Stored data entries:
=====
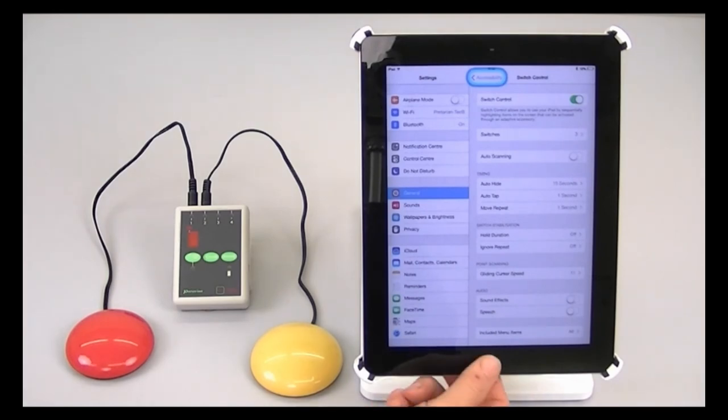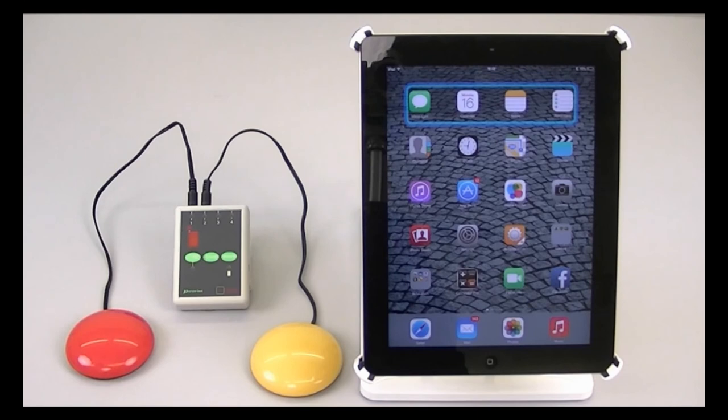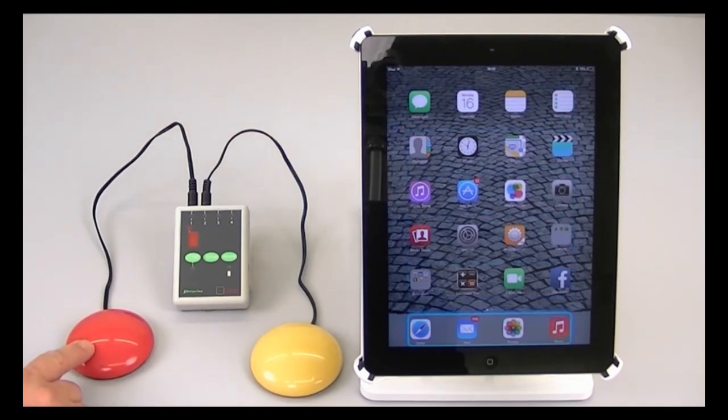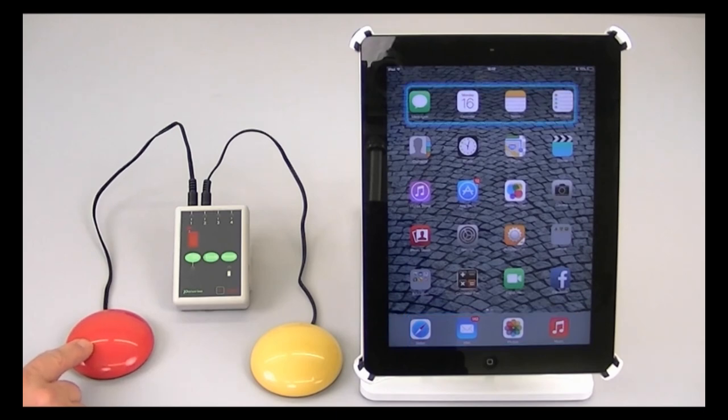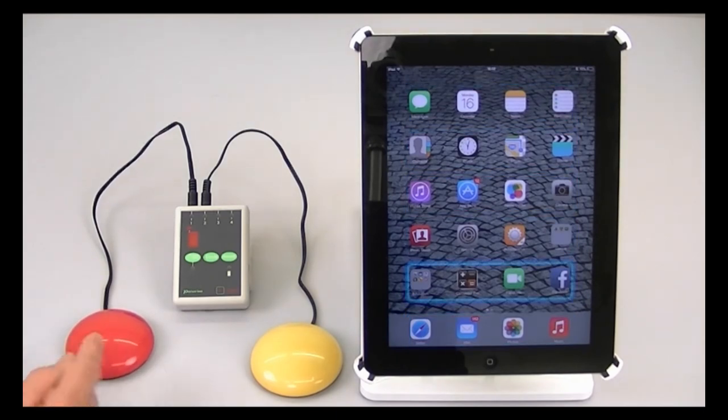If I now press the home button, then I'm back on the home screen, and you'll immediately see the highlight appear around the first row. And I can manually scan forward, back up to the top once I get to the bottom, and I can select any item.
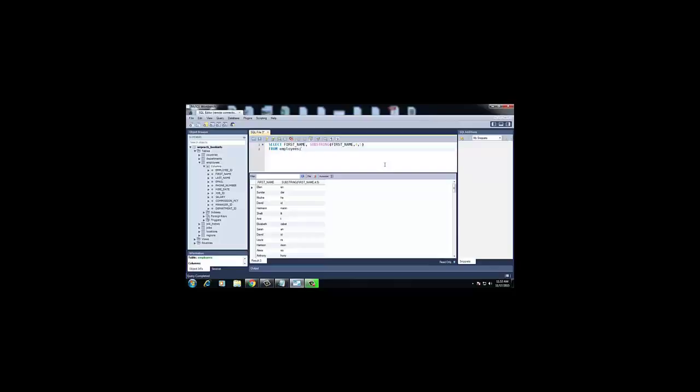Looking at the output, the first column shows the first name and the second column shows the substring result. For example, taking the second row — 'Sundar' — the command starts from the fourth position, which is 'd', and goes up to 5 characters, giving 'dar' as the output.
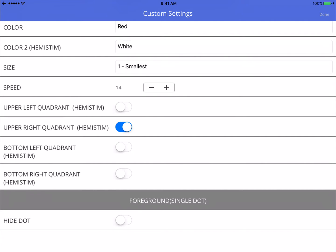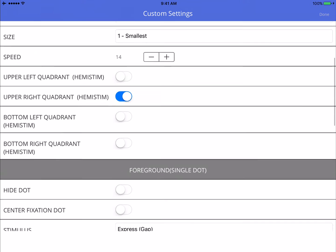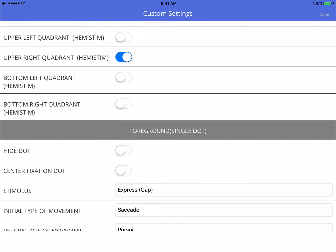And the hemi-stim is going to show up in the upper right quadrant. So the right side for the left brain, upper quadrant is temporal, lower field of view is parietal, upper field of view is temporal. For that reason, I picked the right upper quadrant, and this is appropriate for this patient. I picked a speed of 14.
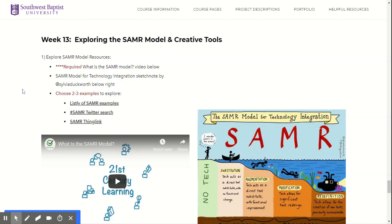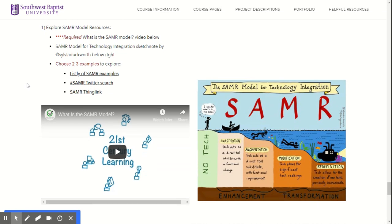Hey guys, welcome to Week 13 and your tip of the week video. This week it's all about exploring the SAMR model. I know last week you explored lots of multimedia tools — video, audio, and images — and this week you're going to take it to the next level. A lot of you were talking about and created examples for several of those things, and talked about how you would relate it to your classroom.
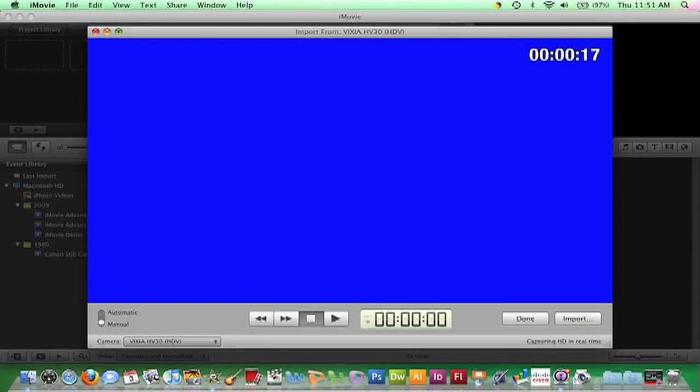Next I'll cue the tape to the beginning of the clip I want to import. The tape can be controlled either by pressing the Fast Forward, Rewind, Play, or Stop buttons on the camera or at the bottom of the viewer. My preference is the controls on the camera.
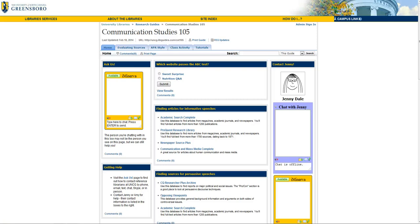Hi! This is a UNCG Libraries tutorial on researching your community organization or living history assignment for CST 105. We'll be using a resource called Academic Search Complete, which you can find under the Home tab of your CST 105 research guide.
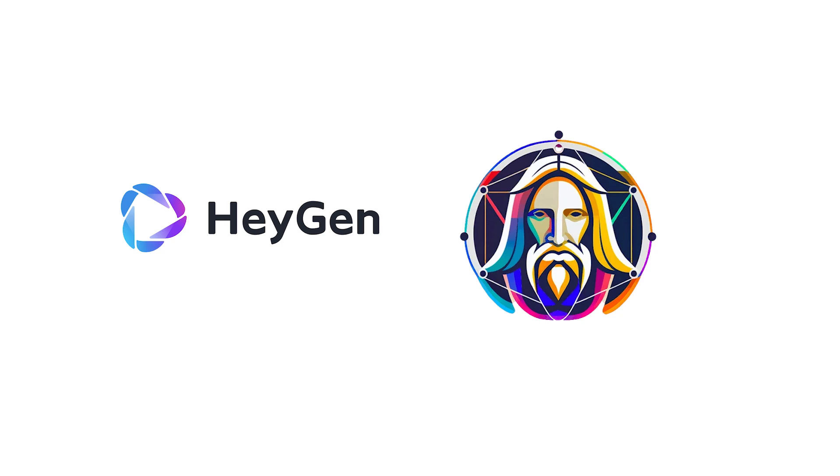To accomplish this we'll be using two cutting edge platforms: Leonardo AI for image generation and HeyGen.com for avatar animation and script creation.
=====
▸ **EXERCISE DIRECTIONS**: Every line from the line containing "Hi! This is" through the last line above is to be printed exactly. Pictures are not copied.

▸ **PROBLEM SOLUTION**:
Hi! This is a UNCG Libraries tutorial on researching your community organization or living history assignment for CST 105. We'll be using a resource called Academic Search Complete, which you can find under the Home tab of your CST 105 research guide.
To accomplish this we'll be using two cutting edge platforms: Leonardo AI for image generation and HeyGen.com for avatar animation and script creation.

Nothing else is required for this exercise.